Leading the Crusaders' balanced lineup are seniors Jonathan Truman (29-6 last season and ranked first in 189 this season) and Dylan Matheny (36-12 in '09 and ranked second in 215 this season). Both placed in the top five at state last season and are the only Crusaders ranked higher than fifth in their classes.
Also enhancing Kapaun's prospects is the addition of Jacob Kline to its coaching staff. He's a three-time state champion with the Crusaders and a two-time All-American at Nebraska.
"To be honest, that could be the biggest thing for us," Dryden said. "He brings instant credibility to the wrestling room."
The next four weeks will tell a lot about how far Kapaun has come. To close out the season, the Crusaders face Southeast twice, Northwest, Heights, Carroll and also travel to the difficult Washburn Rural duals.
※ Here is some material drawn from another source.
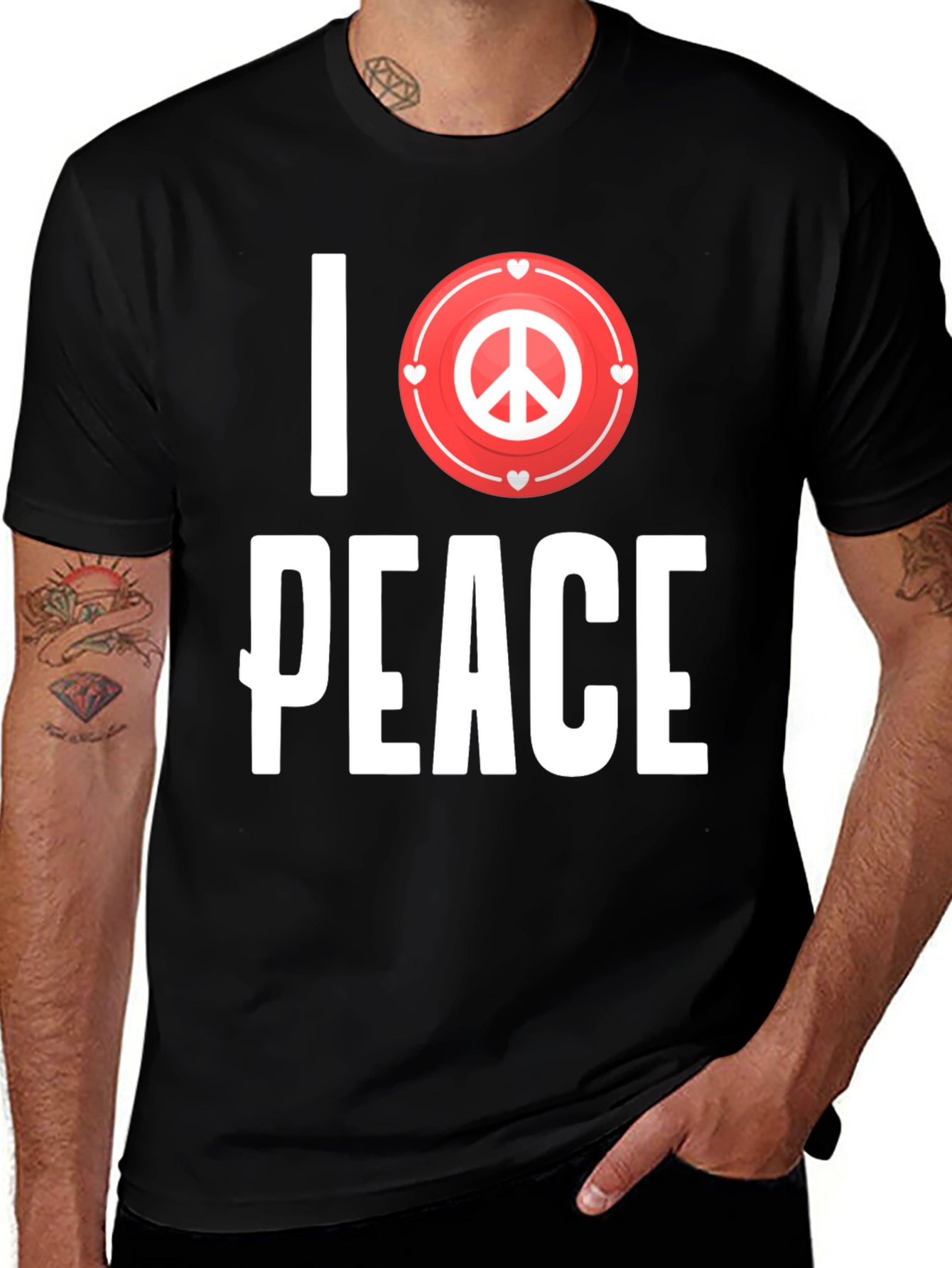 Variant 16 of I Love Peace Graphic T-Shirt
"Before the season started one of our goals was to win a trophy at every tournament we wrestled at, including regionals and state, and we think that is still attainable," Dryden said. "We have a tough stretch coming up and we know we have our work cut out for us."
Tournament thoughts — The first two weeks in January feature arguably the two most difficult tournaments in the state — Derby and Newton — and there are mixed philosophies on how to approach them.
Northwest coach Eric Prichard chooses to ease his team back from Christmas break by going to the Maize tournament, which has a nice field, but nothing like the star-studded Derby field.
"I think it's a nice way to get back into the swing of things," Prichard said. "There are some good teams at Maize, but the Newton tournament is I think the toughest in the state and Maize gets us ready for that."
On the other hand, Heights coach Mike Church schedules his team in both the Derby and Newton invites. He feels like his team's training over break prepares it forthe grind of back-to-back tough weekends.
"Both of these tournaments give us a look at what we could face at regionals and state," Church said. "It's a way to get great competition right when we get back."